LEMS Followed Small-cell Lung Cancer Treatment with Opdivo and Yervoy, Case Report Shows
A new study describes the rare case of a man who developed Lambert-Eaton myasthenic syndrome (LEMS) following treatment with the immunotherapies Opdivo (nivolumab) and Yervoy (ipilimumab) for small-cell lung cancer (SCLC).
The research, “Lambert-Eaton Myasthenic Syndrome Secondary to Nivolumab and Ipilimumab in a Patient with Small-Cell Lung Cancer,” was published in the journal Case Reports in Neurological Medicine.
A man aged 59 presented at the Overlook Medical Center in New Jersey with complaints of persistent non-productive (no mucus) cough for two months. He was a current smoker of half-to-one pack per day since high school. His family history included a case of prostate cancer in his father.
A chest X-ray revealed a mass within the right hilar and perihilar region of the lung. With later use of a computed tomography (CT) scan, the mass was seen to extend to the right lower lobe. The patient also was found to have extensive lymphadenopathy, or swelling of the lymph nodes. Altogether, these findings raised concern for primary lung cancer.
Although no signs of disease were found outside of the thorax, a biopsy of the patient’s mediastinal lymph nodes — located between the lungs — revealed sheets of round malignant cells. These cells had fine granular chromatin — made of DNA and proteins and found in the cells’ nucleus — and indistinct nucleoli (structures also found in the nucleus). Those findings, along with the expression of TTF1 and other proteins, were consistent with SCLC.
The man then received four cycles of chemotherapy (cisplatin and etoposide), and 21 sessions of thoracic radiation. Though this treatment reduced the size of his right lobe mass, a new lesion in the lung’s right upper portion (apical) and the enlargement of lymph nodes indicated disease progression. As a result, he was started on systemic immunotherapy with Opdivo 240 mg every two weeks, and Yervoy 1 mg/kg every six weeks. Both of these medications are marketed by Bristol-Myers Squibb.

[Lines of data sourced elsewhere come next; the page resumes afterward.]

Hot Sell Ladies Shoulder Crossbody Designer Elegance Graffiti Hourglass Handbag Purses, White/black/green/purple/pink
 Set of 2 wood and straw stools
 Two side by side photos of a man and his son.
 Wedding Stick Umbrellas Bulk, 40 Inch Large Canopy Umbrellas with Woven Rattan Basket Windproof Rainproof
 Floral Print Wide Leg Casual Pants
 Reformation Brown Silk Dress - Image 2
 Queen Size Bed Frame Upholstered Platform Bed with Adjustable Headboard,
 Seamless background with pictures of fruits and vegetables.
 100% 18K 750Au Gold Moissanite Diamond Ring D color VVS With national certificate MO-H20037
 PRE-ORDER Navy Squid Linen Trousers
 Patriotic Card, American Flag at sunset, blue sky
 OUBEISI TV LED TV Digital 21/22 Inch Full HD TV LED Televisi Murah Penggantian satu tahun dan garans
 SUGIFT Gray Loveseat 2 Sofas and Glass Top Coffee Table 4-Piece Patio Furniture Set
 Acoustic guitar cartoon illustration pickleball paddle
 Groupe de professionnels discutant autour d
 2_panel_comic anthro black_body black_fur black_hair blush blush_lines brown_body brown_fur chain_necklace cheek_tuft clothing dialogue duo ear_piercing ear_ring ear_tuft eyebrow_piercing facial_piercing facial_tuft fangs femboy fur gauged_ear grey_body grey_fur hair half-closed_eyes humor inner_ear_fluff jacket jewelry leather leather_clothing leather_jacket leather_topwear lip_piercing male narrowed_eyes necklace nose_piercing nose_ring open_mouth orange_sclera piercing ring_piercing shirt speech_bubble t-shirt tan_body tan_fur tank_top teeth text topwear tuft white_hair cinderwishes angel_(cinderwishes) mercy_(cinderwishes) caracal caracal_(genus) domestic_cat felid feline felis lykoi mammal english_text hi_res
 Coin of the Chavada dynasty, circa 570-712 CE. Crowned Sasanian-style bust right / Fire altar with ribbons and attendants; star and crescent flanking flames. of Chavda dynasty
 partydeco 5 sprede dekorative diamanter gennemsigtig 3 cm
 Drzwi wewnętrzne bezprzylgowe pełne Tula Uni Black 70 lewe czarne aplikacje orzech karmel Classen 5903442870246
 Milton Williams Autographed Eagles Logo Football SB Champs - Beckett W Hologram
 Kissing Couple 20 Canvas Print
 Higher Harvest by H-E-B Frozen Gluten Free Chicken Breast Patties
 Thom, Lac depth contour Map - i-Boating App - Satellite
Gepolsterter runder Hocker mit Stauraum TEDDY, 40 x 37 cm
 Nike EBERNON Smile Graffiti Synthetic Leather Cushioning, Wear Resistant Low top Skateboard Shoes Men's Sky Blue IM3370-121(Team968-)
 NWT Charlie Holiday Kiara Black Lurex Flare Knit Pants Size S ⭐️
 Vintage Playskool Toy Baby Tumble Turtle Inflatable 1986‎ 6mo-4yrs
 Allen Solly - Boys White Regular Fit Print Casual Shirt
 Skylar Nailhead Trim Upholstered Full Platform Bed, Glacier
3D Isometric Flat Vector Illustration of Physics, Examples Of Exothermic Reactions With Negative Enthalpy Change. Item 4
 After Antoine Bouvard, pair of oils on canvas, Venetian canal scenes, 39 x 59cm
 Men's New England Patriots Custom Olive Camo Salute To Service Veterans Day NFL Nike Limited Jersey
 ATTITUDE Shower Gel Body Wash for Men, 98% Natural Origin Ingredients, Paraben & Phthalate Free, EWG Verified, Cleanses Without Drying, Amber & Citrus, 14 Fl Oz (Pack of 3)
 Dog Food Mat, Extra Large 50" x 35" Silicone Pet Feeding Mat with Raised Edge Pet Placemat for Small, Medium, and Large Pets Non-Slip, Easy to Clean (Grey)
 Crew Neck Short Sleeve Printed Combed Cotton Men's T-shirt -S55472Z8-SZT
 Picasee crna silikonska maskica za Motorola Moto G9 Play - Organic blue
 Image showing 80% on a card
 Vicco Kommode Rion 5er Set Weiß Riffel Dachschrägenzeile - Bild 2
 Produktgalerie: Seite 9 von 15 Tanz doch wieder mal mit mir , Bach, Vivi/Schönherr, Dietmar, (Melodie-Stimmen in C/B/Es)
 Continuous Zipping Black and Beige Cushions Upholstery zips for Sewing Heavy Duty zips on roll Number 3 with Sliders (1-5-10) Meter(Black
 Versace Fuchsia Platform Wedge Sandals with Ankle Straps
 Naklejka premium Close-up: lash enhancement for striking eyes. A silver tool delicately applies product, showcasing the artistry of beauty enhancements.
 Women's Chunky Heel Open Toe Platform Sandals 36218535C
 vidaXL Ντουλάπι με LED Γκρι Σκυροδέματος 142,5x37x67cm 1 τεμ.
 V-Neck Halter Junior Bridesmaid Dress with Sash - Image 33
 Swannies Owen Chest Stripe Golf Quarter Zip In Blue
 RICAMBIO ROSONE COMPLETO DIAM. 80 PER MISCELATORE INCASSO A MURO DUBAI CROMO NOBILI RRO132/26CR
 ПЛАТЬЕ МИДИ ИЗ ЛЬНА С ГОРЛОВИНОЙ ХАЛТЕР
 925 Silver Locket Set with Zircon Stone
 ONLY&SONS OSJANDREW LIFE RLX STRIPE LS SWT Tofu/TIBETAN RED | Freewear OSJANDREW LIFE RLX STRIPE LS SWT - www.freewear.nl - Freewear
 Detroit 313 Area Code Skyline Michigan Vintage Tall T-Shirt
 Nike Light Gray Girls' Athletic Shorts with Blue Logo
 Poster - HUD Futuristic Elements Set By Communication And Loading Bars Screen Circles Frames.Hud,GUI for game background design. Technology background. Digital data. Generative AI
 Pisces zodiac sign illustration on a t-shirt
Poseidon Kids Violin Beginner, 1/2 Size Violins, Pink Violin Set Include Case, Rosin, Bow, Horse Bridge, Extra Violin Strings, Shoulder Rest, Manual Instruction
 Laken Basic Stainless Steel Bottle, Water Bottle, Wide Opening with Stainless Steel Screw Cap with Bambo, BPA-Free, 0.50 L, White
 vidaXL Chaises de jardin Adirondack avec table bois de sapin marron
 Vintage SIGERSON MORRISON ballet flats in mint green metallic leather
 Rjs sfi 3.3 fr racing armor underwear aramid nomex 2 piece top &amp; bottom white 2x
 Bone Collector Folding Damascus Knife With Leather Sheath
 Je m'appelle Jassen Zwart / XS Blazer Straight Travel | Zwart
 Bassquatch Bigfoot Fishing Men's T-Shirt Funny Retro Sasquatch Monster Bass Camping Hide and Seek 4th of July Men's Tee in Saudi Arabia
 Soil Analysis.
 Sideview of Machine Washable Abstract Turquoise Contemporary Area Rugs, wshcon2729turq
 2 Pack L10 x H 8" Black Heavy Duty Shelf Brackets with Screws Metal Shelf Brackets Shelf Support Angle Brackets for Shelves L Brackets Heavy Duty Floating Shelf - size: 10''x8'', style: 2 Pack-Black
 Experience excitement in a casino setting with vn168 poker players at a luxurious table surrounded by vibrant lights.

Four months later, the patient complained of extreme fatigue and loss of appetite. A thyroid function test revealed hypothyroidism and, on a subsequent visit, he was hypotensive, meaning he had low blood pressure. Laboratory tests indicated primary adrenal insufficiency, prompting treatment with hydrocortisone. After one week, he reported less fatigue and increased appetite. His blood pressure was normalized. A CT chests scan showed stable disease.
However, seven weeks later, he reported arm weakness and difficulty walking. A motor test found bilateral weakness of the hip muscles called flexors. Also, his upper and lower extremity reflexes were absent, and his gait was slightly waddling.
Subsequent tests found increased levels of P/Q type voltage-gated calcium channel antibodies and post-exercise facilitation of the right medial nerve compound muscle action potential. That refers to a short-term boost of tendon reflexes and muscle strength in the medial nerve of the right forearm.
This led to a diagnosis of LEMS and discontinuation of immunotherapy after 12 cycles of Opdivo and four of Yervoy. The patient was started on pyridostigmine 60 mg three times a day, but it was stopped after he experienced intolerable diarrhea.
He was transitioned to prednisone 60 mg daily with gradual reduction, lessening his leg and arm weakness. However, a repeat positron emission tomography scan showed increased size and greater activity of the left cervical lymphadenopathy, as well as multiple new hepatic lesions, compatible with metastasis. The patient was initiated on palliation chemotherapy with weekly Taxol (paclitaxel).
“Our report illustrates an unusual case of LEMS secondary to combination therapy of nivolumab [Opdivo] and ipilimumab [Yervoy] in a patient with SCLC,” the researchers said.
Noting that they only found one other case of LEMS following Opdivo in the literature, the scientists added that their study “highlights that LEMS should be considered as potential neurological adverse event in patients receiving immunotherapy.”